So, just for fun... I created a 100Gb file extent (instead of a ZFS volume), and did the same thing... filled all 100Gb from Windows via iSCSI.

'zfs list' reports only 100Gb used...

Code:
NAME      USED  AVAIL  REFER  MOUNTPOINT
ZPOOL01   100G  7.03T   100G  /mnt/ZPOOL01

-rw-r--r--  1 root  wheel  107374182400 Jun 16 11:12 iscsiExtent





As another test, I created a ZFS Dataset ("Shared"), limited it to both a quota and reservation of both 100Gb. This time, I shared the Dataset via CIFS/SMB and filled it up with files from Windows

'zfs list' reports on 100Gb used...
Code:
NAME             USED  AVAIL  REFER  MOUNTPOINT
ZPOOL01          100G  7.03T   312K  /mnt/ZPOOL01
ZPOOL01/Shared   100G      0   100G  /mnt/ZPOOL01/Shared





I can only surmise that sharing a ZFS Volume via iSCSI creates additional metadata that is not required via a normal network share or even an iSCSI file extent. If I didn't know any better, I'd say that it'd be something silly like each low-level iSCSI block is being treated as a file at a ZFS level, and incurring some metadata overhead with each block write. An iSCSI share via a file extent would probably only incur a single files worth of metadata. That's just pure guesswork though.

I guess I'll either go with a file extent, or a straight CIFS share back to my WHS box. Not what I originally intended, but I can't really afford to lose 2x the space, when I've already dedicated 2x2Tb drives to recovery information via RAID-Z2.
 

paleoN

Wizard
Joined
Apr 22, 2012
Messages
1,403
I can only surmise that sharing a ZFS Volume via iSCSI creates additional metadata that is not required via a normal network share or even an iSCSI file extent.
Your surmise is partly wrong :eek:

If I didn't know any better, I'd say that it'd be something silly like each low-level iSCSI block is being treated as a file at a ZFS level, and incurring some metadata overhead with each block write. An iSCSI share via a file extent would probably only incur a single files worth of metadata. That's just pure guesswork though.
Here you are partly right. iSCSI file extent single files worth of metadata isn't 1. With a default/max record size of 128Kb your 100Gb file extent is using 819,200 records each creating metadata for an additional 0.1953125Gb of space.

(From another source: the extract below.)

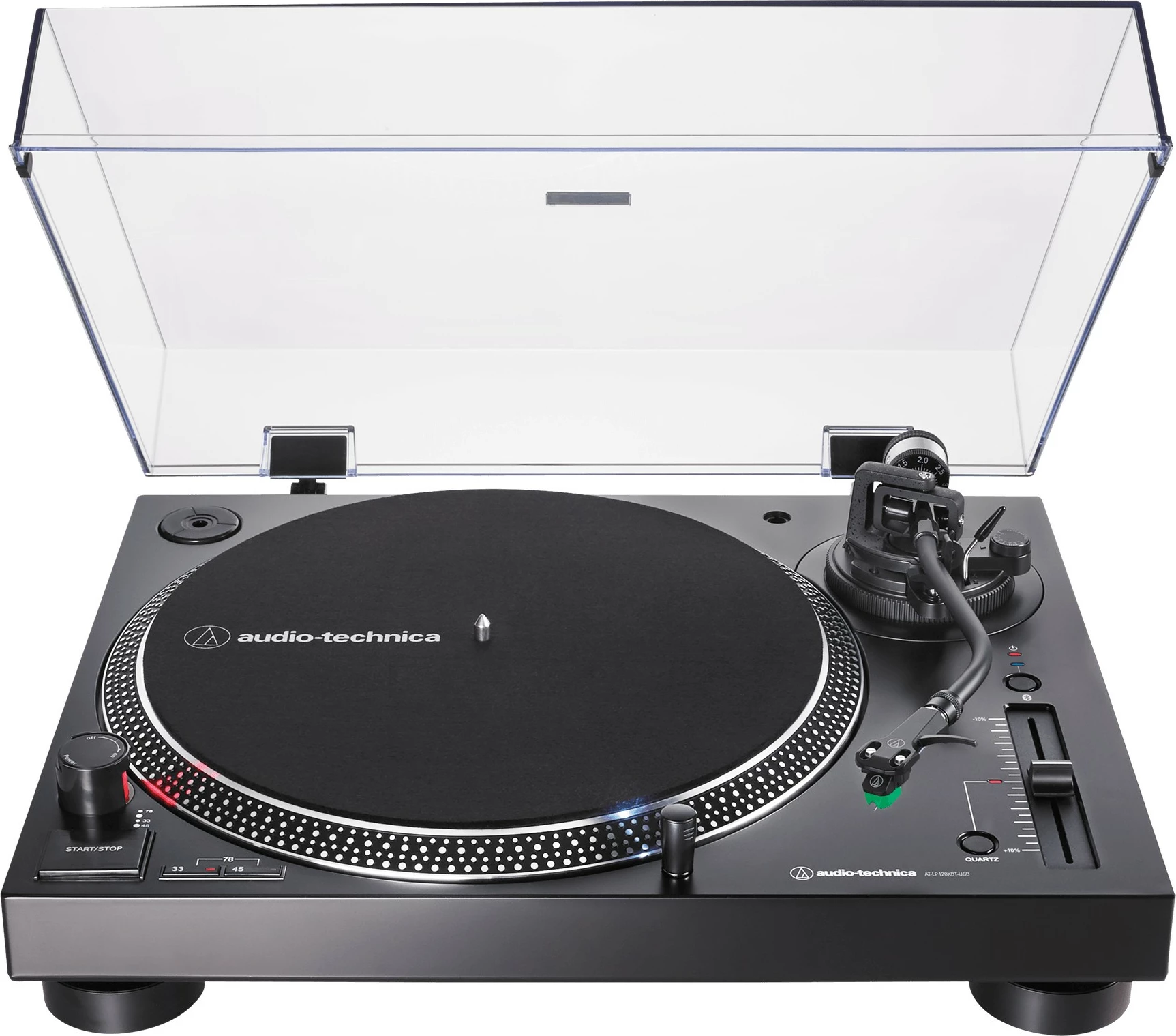 Gramafon audio-technica AT-LP120XUSBBT, Bluetooth, USB, i zi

Now device extents do create more metadata, but that's because they are using a record size of 8Kb. 100Gb - 13,107,200 records for record size of 8K and 3.125Gb of additional space. Do note the space is not double.

From FreeNAS-8.2.0-BETA4-x64 (r11722) I created some 11Gb zvols.

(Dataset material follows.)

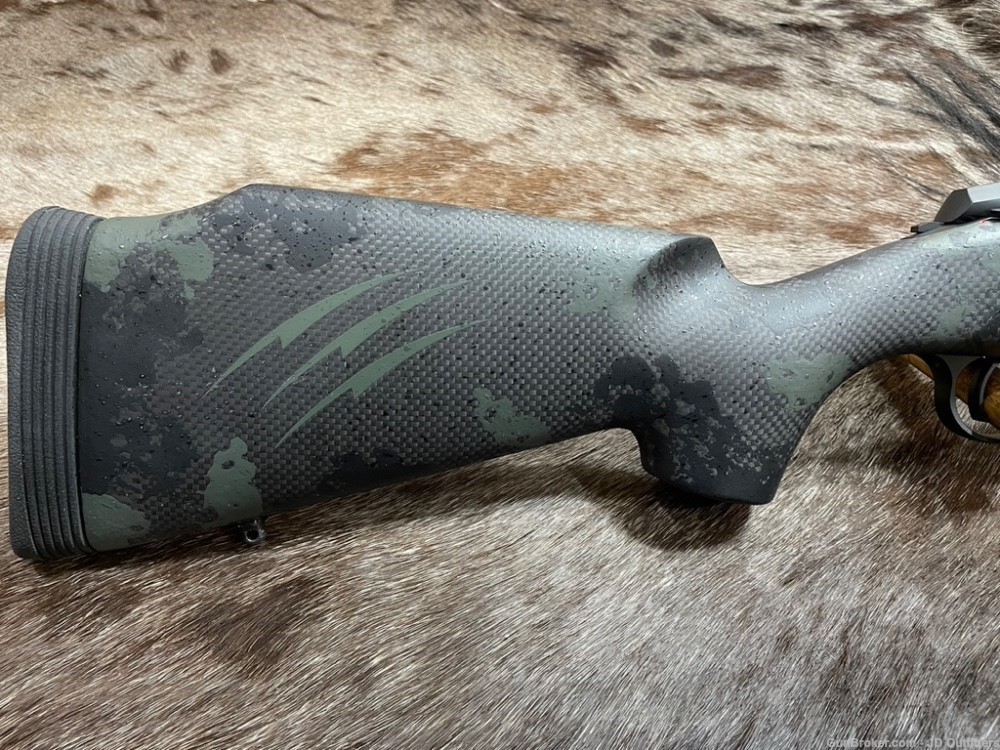 FREE SAFARI, NEW FIERCE FIREARMS CARBON FURY 6.5 PRC 24" CARBON FOREST-img-3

  • First one was created normally and used about 11Gb.

    I then set copies=2 on the main volume.

  • I created the second one and had to set copies=1 as it inherited the settings, filled it and it used about 11Gb.

  • For the third I created it from the cli with your command, filled it and it used about 11Gb.

  • The last one I created normally, with copies=2 on the main volume which it inherited, filled it and it used about 22Gb, the same behavior you are seeing.

Are you sure you don't somehow somewhere have copies=2 on? You could try creating some small zvols , i.e. 11Gb, and setting the copies property to see if you get any different results.
Code:
zfs set copies=1 ZPOOL01/ZVOL01
zfs set copies=2 ZPOOL01/ZVOL02
zfs set copies=3 ZPOOL01/ZVOL03


Hopefully my math is correct above :) I probably should do that metadata post. There are some links I wanted to track down first.
 

Hexland

Contributor
Joined
Jan 17, 2012
Messages
110
Definitely not setting the copies parameter (or inheriting it from anywhere).

For now, I've created a bunch of thin-provisioned file extents, and all is working well. Transfer speeds is still well up in to 70-100Mb/s, so I'm fine with just going with that.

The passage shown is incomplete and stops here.